The one-time Wollongong journalist George Smith and the site of where he once lived before moving overseas on his way to a career with the UN. Photo: Supplied.
In February 1937, the radio announcer, war correspondent, movie director, diplomat, poet and author named George Ivan Smith AO (1915-1995) was living at 38 Kembla Street Wollongong.
He and his first wife were living in Wollongong because George had a got a job with the Australian Broadcasting Commission and became manager of the Wollongong Radio Station 2WL.
Smith, however, soon found himself collaborating with the actor, writer, director and producer Michael Pate (1920-2008) who went on to have many supporting roles in Hollywood films and American television during the 1950s and 1960s.
But George Ivan Smith was a most unusual young man and able to joke that prior to his arrival in Wollongong in 1937, he had spent all his life “behind prison walls” because his father, G F Smith, was the Governor of Goulburn Gaol.
For the time, his father had remarkably progressive views on prison reform.
Just prior to arriving in Wollongong, the Goulburn Gaol Governor’s son, however, had been a cub newspaper journalist for the Sydney Truth newspaper.
After just two years in Wollongong, Smith landed a job as a founding member of the new overseas short-wave broadcasting service, “Australia Calling” (1939–1941) which was later named Radio Australia.
With that experience George Smith was seconded to the BBC Overseas Service in London in 1941. There he became Director of the Pacific Service and organised overseas coverage of the Second Front during World War II.
At the war’s end Smith joined the J Arthur Rank Organisation, where he worked until 1947 as producer, editor and director on a documentary series of films.
He then joined the United Nations – not bad for someone landing in Kembla Street Wollongong just a decade earlier.
But in 1949 Smith did even better. He was sent to Britain as first director of the London United Nations Information Centre, remaining there until 1958.
During that time he was closely associated with UN Secretary-General Trygve Lie in developing the 1949 Armistice Agreements that supposedly were meant to end the never-ending 1948 Arab–Israeli War.
Now far from living a quiet life managing in Wollongong, Smith was soon embroiled in some very bloody international operations.
The Republic of Katanga was a breakaway state that proclaimed its independence from Congo in July 1960. Alarmingly, this had been made possible with the support of a mining company with concession rights in the region and was also supported by a large contingent of Belgian military advisers with long-term commercial interests.
Tragically, the Katanga Rebellion seems to have been conceived in direct opposition to Patrice Lumumba’s newly independent Democratic Republic of the Congo. And in less than three months Lumumba was kidnapped and murdered inside the breakaway state.

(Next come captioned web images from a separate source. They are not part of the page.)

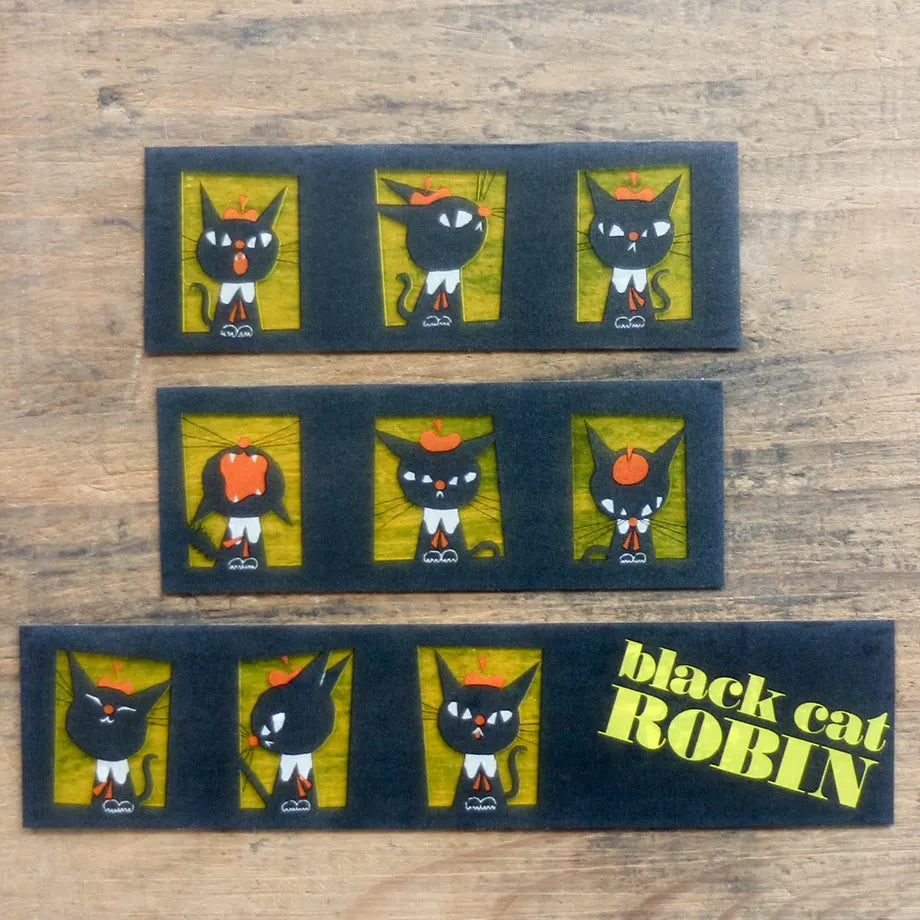 Black Cat Robin Transparent Tape Hyakumensho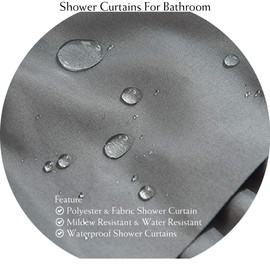 WestWeir Ruffle Shower Curtain,72-inches Extra Long,Grey Ruffled Bath Curtains for Bathroom,Fabric Farmhouse Decor,Soft Touch Decorative Cloth Texture,(72 inch Wide,1 Panel)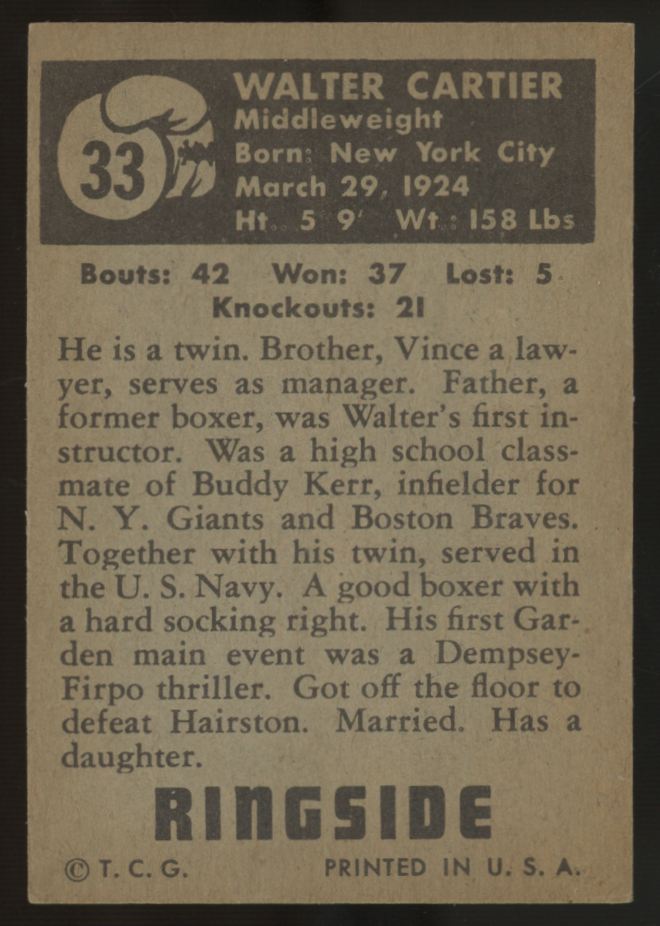 1951 Topps Ringside Walter Cartier #33 EX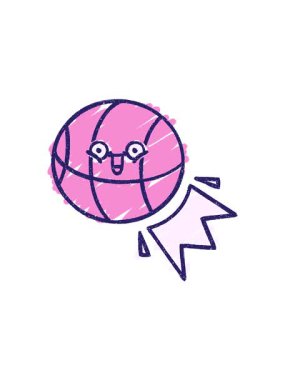 Basket Topu Tebeşir Çiziminin dönen hareketli animasyonu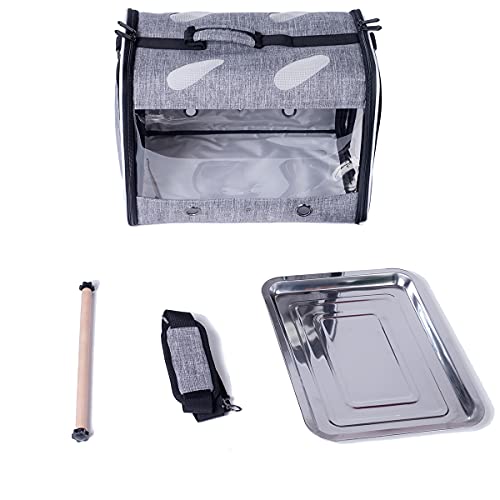 Bird Carrier with Stand Perch, Breathable Bird Travel Cage Parrot Carrier for Hiking, Airline Approved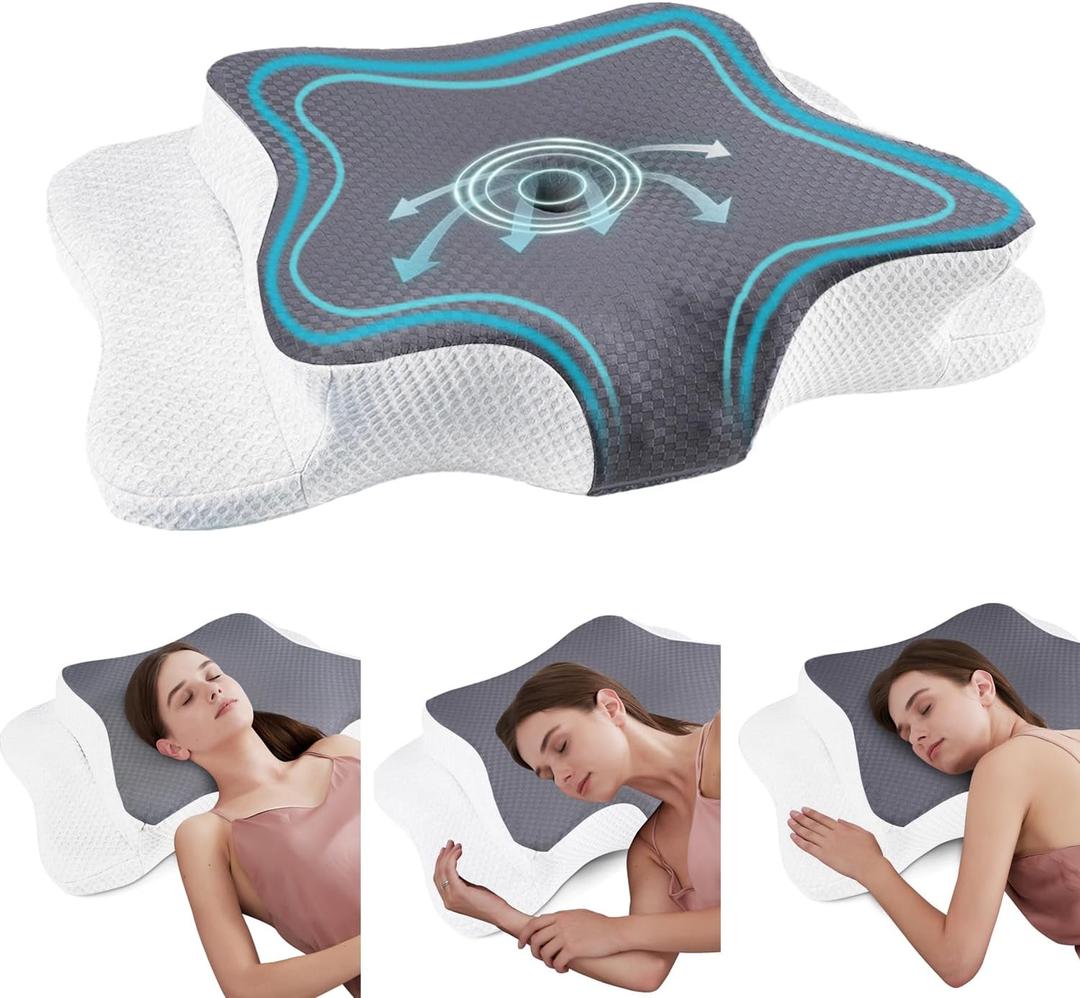 CHxxy Cervical Neck Pillow for Pain Relief Sleeping, Memory Foam Pillows, Ergonomic Side Sleeper Pillows, Cooling Orthopedic Neck Support Pillow for Back Stomach Sleepers-Queen Size Grey&White (Queen Size-24.8''Lx14.96''Wx5.78''H)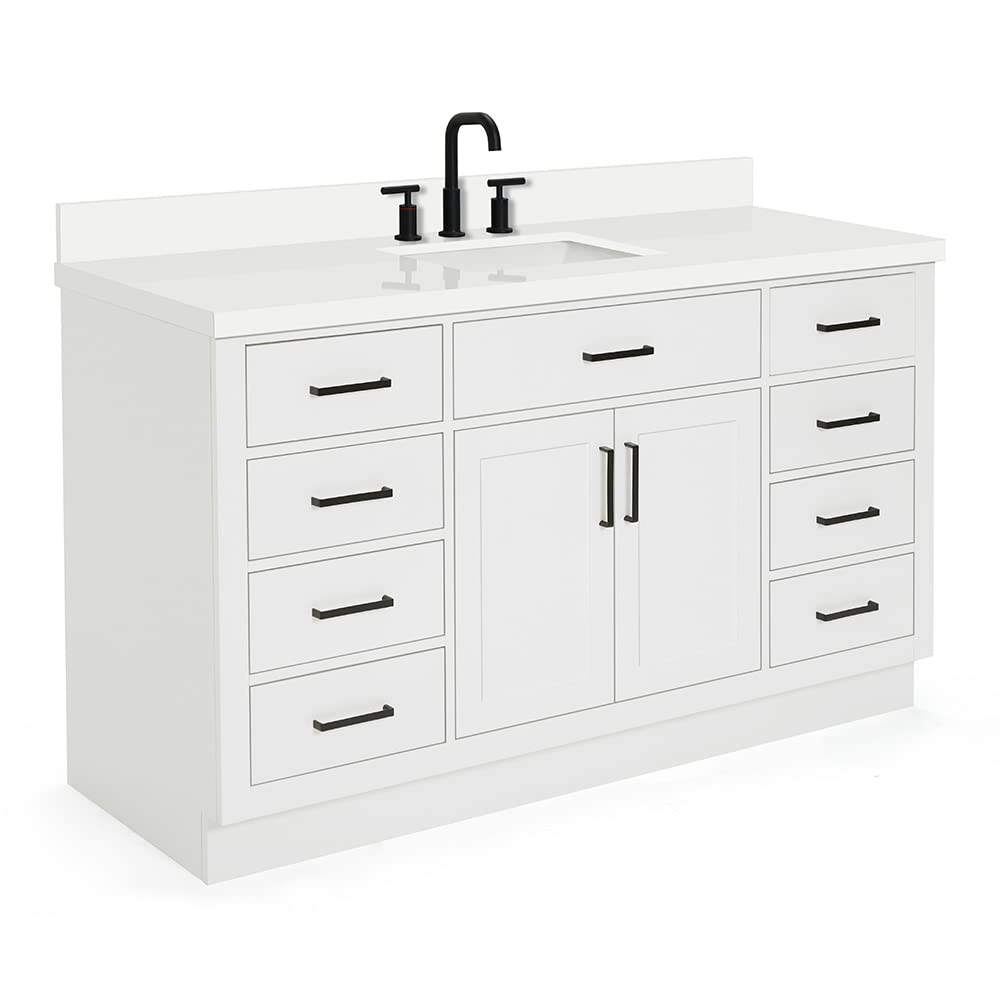 ARIEL Hepburn 60-inch Bathroom Vanity with Sink,Solid Wood, 1.5-inch Pure White Quartz Countertop & Backsplash, Single Rectangular Porcelain Sink, 2 Soft Closing Doors, 9 Dovetail Drawers, White - Image 8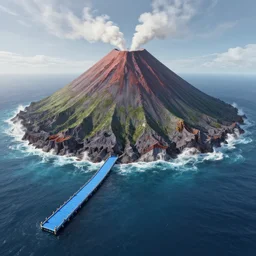 highly detailed portrait of a volcano filled with water, the blue dock on the water, ultra wide angle, finer details, by victo ngai and greg rutkowski, trending on artstation.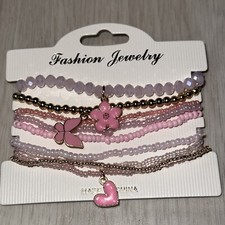 Pink Flower Butterfly Heart Gold Tone Beaded Elastic Girl Jewelry Bracelet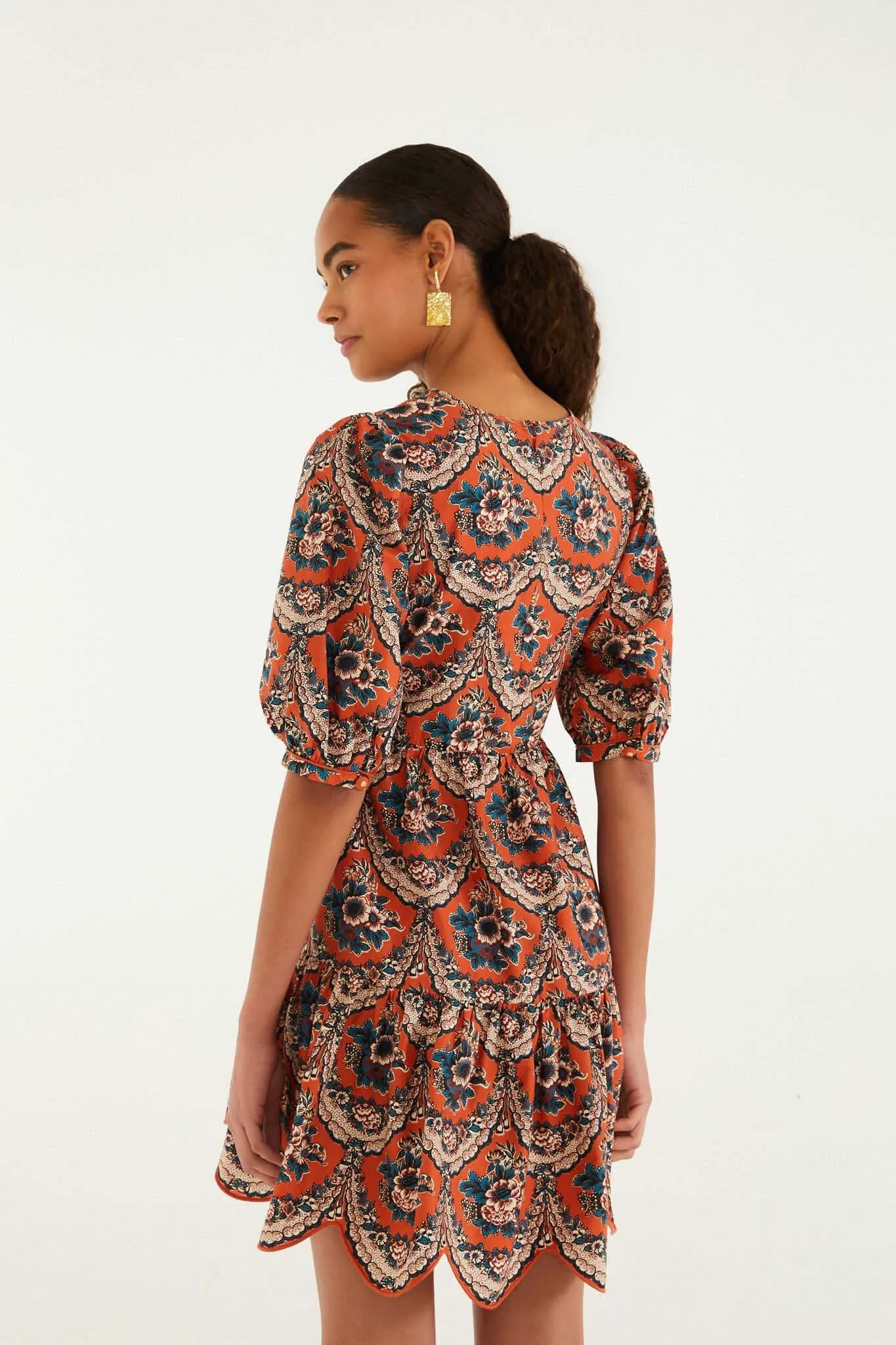 Terracotta Victorian Floral Puff Sleeve Mini Dress sold by FARM Rio product image thumbnail 3
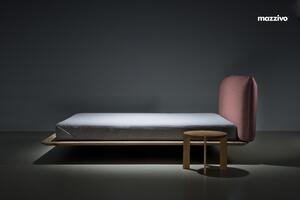 NUVOLA Design postele moderní z masivu s čalouněným čelem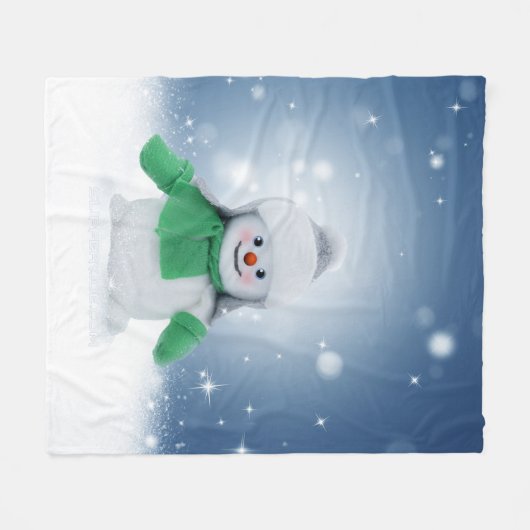 Couverture Polaire Noël bonhomme de neige SlipperyJoe foulard vert m (Devant (Horizontal))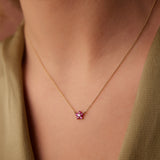 14K Ruby and Diamond Flower Charm Necklace Ferkos Fine Jewelry
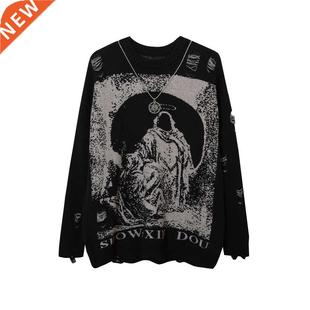 Oversize Sweaters Frayed Send Long Ripped Knitted Necklace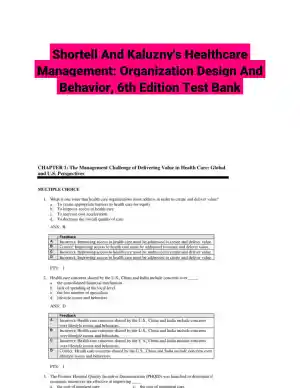 Shortell And Kaluzny's Healthcare Management: Organization Design And Behavior, 6th Edition Test Bank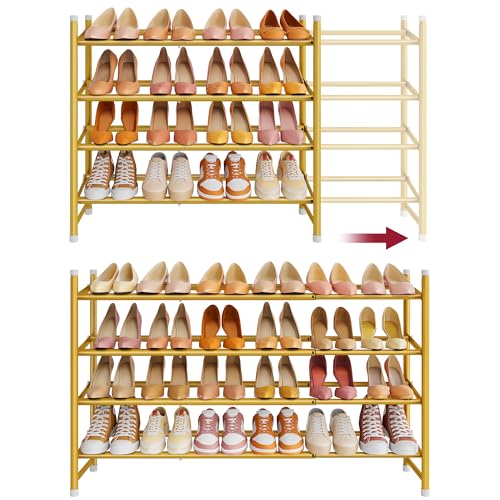 Tajsoon Expandable Shoe Rack for Closet 4 Tier, 29“-41“Adjustable & Stackable Shoe Shelf Storage, Metal Shoe Rack Organizer for Front Door Entrance, Closet, Garage, Entryway, Gold - color: Gold, size: 4 Tier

This took place despite the fact that Lumumba had sent a telegram to the UN Secretary-General insisting that something be done about “Belgium’s military aggression” and its overt backing of Katangese secession.
What had likely also assured Lumumba’s assassination was that with the UN doing nothing, he sent a telegram to Soviet Premier Nikita Khrushchev, requesting Khrushchev closely monitor the situation in the Congo.
Today it is generally agreed that while the US and Belgium actively plotted to murder Patrice Lumumba, the British also secretly wanted to get rid of him because they too believed Lumumba posed a threat to their own mining interests in the Congo.
So it was not a pleasant time for a former humble Wollongong radio station manager to be involved with two of the United Nations’ great failures – the Arab-Israeli conflict and the Congolese struggle for independence.
Indeed, in 1961, after being appointed the United Nations Representative in Katanga by UN Secretary General Dag Hammarskjöld, Smith and a colleague were themselves kidnapped and beaten by Katangese paratroopers – yet survived through the intervention of an American diplomat.
Nonetheless, it all rocketed Smith towards the upper echelons of the UN and he was later appointed the Personal Representative of the Secretary General U Thant in East and Central Africa.
Moreover, in 1964 Smith was given the honour of delivering the Boyer Lecture for the Australian Broadcasting Commission titled “Along the Edge of Peace”.
By 1966 he became a visiting professor at Princeton University before ending his career as Director of the United Nations Office in London from 1968 to 1974.
Smith then retired to Stroud in Gloucestershire – a very long way from the prison walls of Goulburn Gaol and the fledgling offices of radio station 2WL in Wollongong’s Kembla Street.